Data excerpts:

--------

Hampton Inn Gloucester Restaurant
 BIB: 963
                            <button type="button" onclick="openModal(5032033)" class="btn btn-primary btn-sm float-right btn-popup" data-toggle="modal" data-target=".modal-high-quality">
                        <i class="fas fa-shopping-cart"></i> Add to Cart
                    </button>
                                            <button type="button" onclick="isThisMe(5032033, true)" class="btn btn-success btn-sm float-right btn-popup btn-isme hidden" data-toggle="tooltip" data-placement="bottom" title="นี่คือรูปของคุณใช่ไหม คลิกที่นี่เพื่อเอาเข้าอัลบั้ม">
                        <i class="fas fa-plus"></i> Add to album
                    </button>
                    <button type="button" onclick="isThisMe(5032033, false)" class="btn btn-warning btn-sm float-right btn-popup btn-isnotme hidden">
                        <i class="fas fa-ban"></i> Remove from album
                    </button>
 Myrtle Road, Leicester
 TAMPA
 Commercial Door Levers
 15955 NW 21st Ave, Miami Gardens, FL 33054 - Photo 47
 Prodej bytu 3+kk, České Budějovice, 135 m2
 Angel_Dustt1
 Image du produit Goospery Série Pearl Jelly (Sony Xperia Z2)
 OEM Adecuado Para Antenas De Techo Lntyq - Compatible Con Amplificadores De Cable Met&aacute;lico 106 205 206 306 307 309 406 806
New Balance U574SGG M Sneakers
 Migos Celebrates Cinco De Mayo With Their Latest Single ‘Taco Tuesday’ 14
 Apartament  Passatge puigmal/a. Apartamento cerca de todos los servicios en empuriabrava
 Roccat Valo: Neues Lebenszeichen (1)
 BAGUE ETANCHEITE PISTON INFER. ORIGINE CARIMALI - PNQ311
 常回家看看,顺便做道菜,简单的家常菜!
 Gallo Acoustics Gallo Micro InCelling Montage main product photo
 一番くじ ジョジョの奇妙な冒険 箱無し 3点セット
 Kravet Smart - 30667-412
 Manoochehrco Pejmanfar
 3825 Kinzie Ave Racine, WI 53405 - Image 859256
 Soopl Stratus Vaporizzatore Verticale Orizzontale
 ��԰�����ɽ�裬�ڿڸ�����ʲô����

--------

Prompt:
Please give the entries above again in full, exactly as written.

Exercise result:
Hampton Inn Gloucester Restaurant
 BIB: 963
                            <button type="button" onclick="openModal(5032033)" class="btn btn-primary btn-sm float-right btn-popup" data-toggle="modal" data-target=".modal-high-quality">
                        <i class="fas fa-shopping-cart"></i> Add to Cart
                    </button>
                                            <button type="button" onclick="isThisMe(5032033, true)" class="btn btn-success btn-sm float-right btn-popup btn-isme hidden" data-toggle="tooltip" data-placement="bottom" title="นี่คือรูปของคุณใช่ไหม คลิกที่นี่เพื่อเอาเข้าอัลบั้ม">
                        <i class="fas fa-plus"></i> Add to album
                    </button>
                    <button type="button" onclick="isThisMe(5032033, false)" class="btn btn-warning btn-sm float-right btn-popup btn-isnotme hidden">
                        <i class="fas fa-ban"></i> Remove from album
                    </button>
 Myrtle Road, Leicester
 TAMPA
 Commercial Door Levers
 15955 NW 21st Ave, Miami Gardens, FL 33054 - Photo 47
 Prodej bytu 3+kk, České Budějovice, 135 m2
 Angel_Dustt1
 Image du produit Goospery Série Pearl Jelly (Sony Xperia Z2)
 OEM Adecuado Para Antenas De Techo Lntyq - Compatible Con Amplificadores De Cable Met&aacute;lico 106 205 206 306 307 309 406 806
New Balance U574SGG M Sneakers
 Migos Celebrates Cinco De Mayo With Their Latest Single ‘Taco Tuesday’ 14
 Apartament  Passatge puigmal/a. Apartamento cerca de todos los servicios en empuriabrava
 Roccat Valo: Neues Lebenszeichen (1)
 BAGUE ETANCHEITE PISTON INFER. ORIGINE CARIMALI - PNQ311
 常回家看看,顺便做道菜,简单的家常菜!
 Gallo Acoustics Gallo Micro InCelling Montage main product photo
 一番くじ ジョジョの奇妙な冒険 箱無し 3点セット
 Kravet Smart - 30667-412
 Manoochehrco Pejmanfar
 3825 Kinzie Ave Racine, WI 53405 - Image 859256
 Soopl Stratus Vaporizzatore Verticale Orizzontale
 ��԰�����ɽ�裬�ڿڸ�����ʲô����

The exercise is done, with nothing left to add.